Il mondo della formazione aziendale sta vivendo una continua evoluzione, spinta dall’adozione di nuove tecnologie e dalle innovazioni digitali. In questo contesto, una recente ricerca condotta da Skilla e Incontatto ha cercato di mappare le tendenze che si svilupperanno nelle Academy aziendali fino al 2035. L’obiettivo è quello di fornire una guida strategica per le aziende, affinché possano sviluppare programmi formativi efficaci, capaci di anticipare le esigenze future del mercato e della società. La ricerca si focalizza su sei aree chiave – content, experience, tool, track, language e value proposition – che rappresentano i pilastri su cui si baserà l’innovazione formativa nei prossimi anni.
Verso un nuovo modello di apprendimento

La formazione è destinata a diventare il fulcro di un cambiamento dove il valore sociale e le nuove tecnologie si intrecciano per creare un approccio educativo più inclusivo e personalizzato. L’integrazione dell‘intelligenza artificiale (IA) nei percorsi formativi rappresenta una delle innovazioni più promettenti, offrendo la possibilità di adattare i contenuti alle necessità individuali e di creare esperienze di apprendimento altamente interattive, immersive e personalizzate. Tuttavia, la tecnologia non sarà l’unico protagonista di questo cambiamento. La dimensione umana dell’apprendimento, con un’attenzione particolare all’emozione e all’interazione, rimarrà un elemento imprescindibile.

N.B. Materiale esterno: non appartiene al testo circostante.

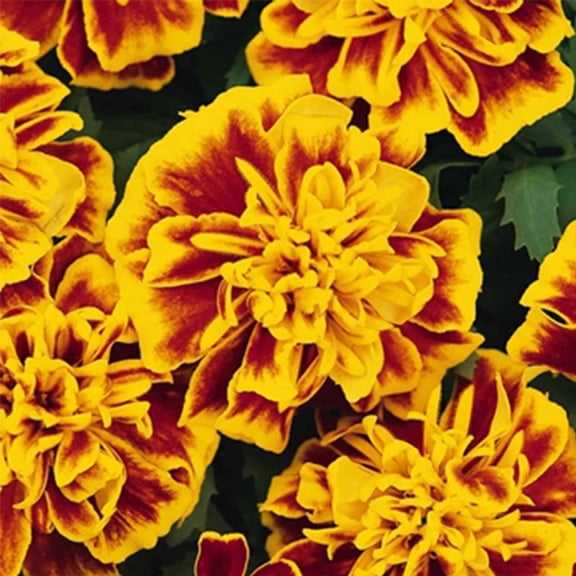 French Marigold Flower Garden Seeds - Bonanza Series - Bee - 1000 Seeds - Annual Flower Gardening Seeds - Tagetes patula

Nel nuovo scenario formativo delineato dalla ricerca, l’IA e le tecnologie digitali non sostituiranno l’approccio umanistico, ma lo potenzieranno, rendendo possibile un apprendimento più profondo e significativo. Le aziende che sapranno sfruttare queste innovazioni, mantenendo al contempo un forte legame con i valori umani e sociali, saranno in grado di creare programmi formativi che non solo migliorano le competenze tecniche, ma contribuiscono anche al benessere individuale e collettivo.
L’approccio alla formazione del futuro sarà sempre più olistico, incentrato sull’individuo nella sua interezza. Le metodologie adaptive, che permettono di personalizzare i percorsi di apprendimento in base alle esigenze e alle aspirazioni di ciascuno, rappresentano un passo avanti rispetto ai modelli tradizionali, statici e standardizzati.
Inoltre, la figura del formatore dovrà evolversi, assumendo un ruolo di maggiore responsabilità. Non si tratterà più solo di trasmettere conoscenze, ma di guidare i partecipanti in un percorso di scoperta personale e professionale, stimolando una crescita completa. L’umanizzazione dell’apprendimento, quindi, non sarà sacrificata sull’altare della tecnologia, ma sarà potenziata da essa, creando un equilibrio tra progresso digitale e interazione umana. Questo lo scenario individuato dalla ricerca.